Can a Linux swap partition be too big?
I'm pretty certain the answer is, "no" but I haven't found any resources on-point, so thought I'd ask.
In contrast, the main Windows swap file, pagefile.sys, can be too large. A commonly cited cap is 3x installed RAM, else the system may have trouble functioning.
The distinction seems to lie in the fact that Linux virtual memory is highly configurable with kernel parameters, not to mention compile options, whereas Windows virtual memory is barely so. Windows virtual memory management consequently seems to rely on algorithms that are immutable or seem to rely on swap file size and how it is configured.
Linux has its own virtual memory management algorithms, of course, but the question is whether and how they are affected by the size of the specified swap partition or file.

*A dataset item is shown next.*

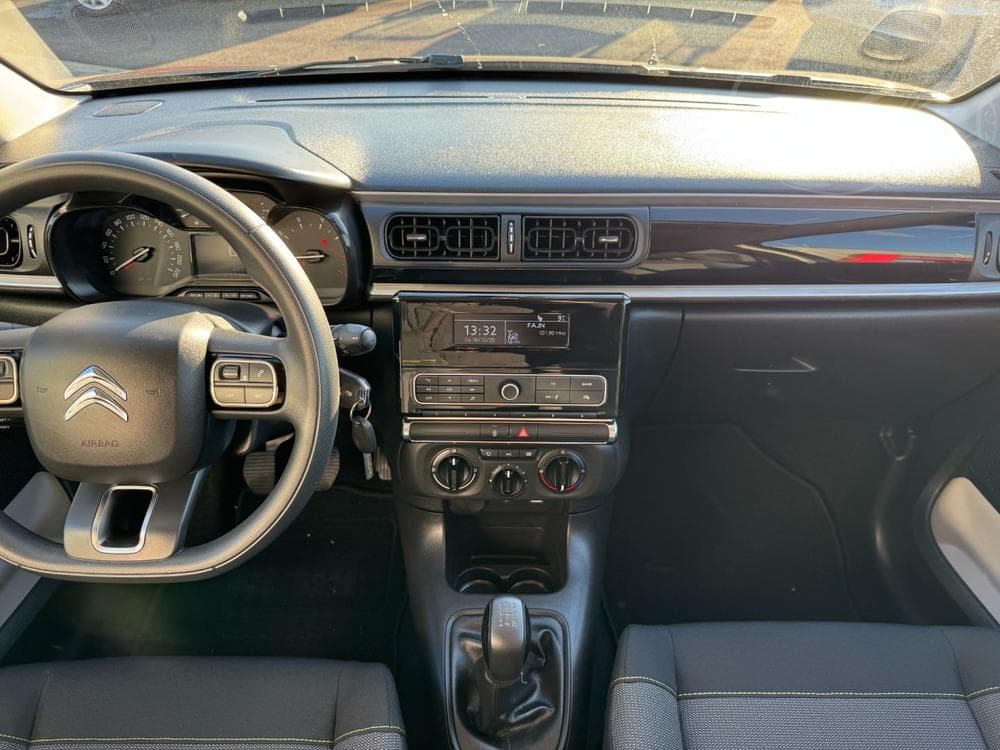 2017 Citroen C3 - 19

This comes up because I have a system with 16GB physical RAM configured with a series of 64GB partitions to facilitate a multi-boot capability. For convenience / laziness, I've simply designated one of these 64GB partitions as swap, i.e., 4x physical RAM in contrast to Windows' 3x cap (the latter being relevant only as a frame of reference because this is a Linux-only system). I'm debugging some issues around memory management and VMware Workstation and have come to wonder what, if any, effect the swap partition's size has on compaction, swappiness, page faults, and performance generally.
Many thanks for any constructive input.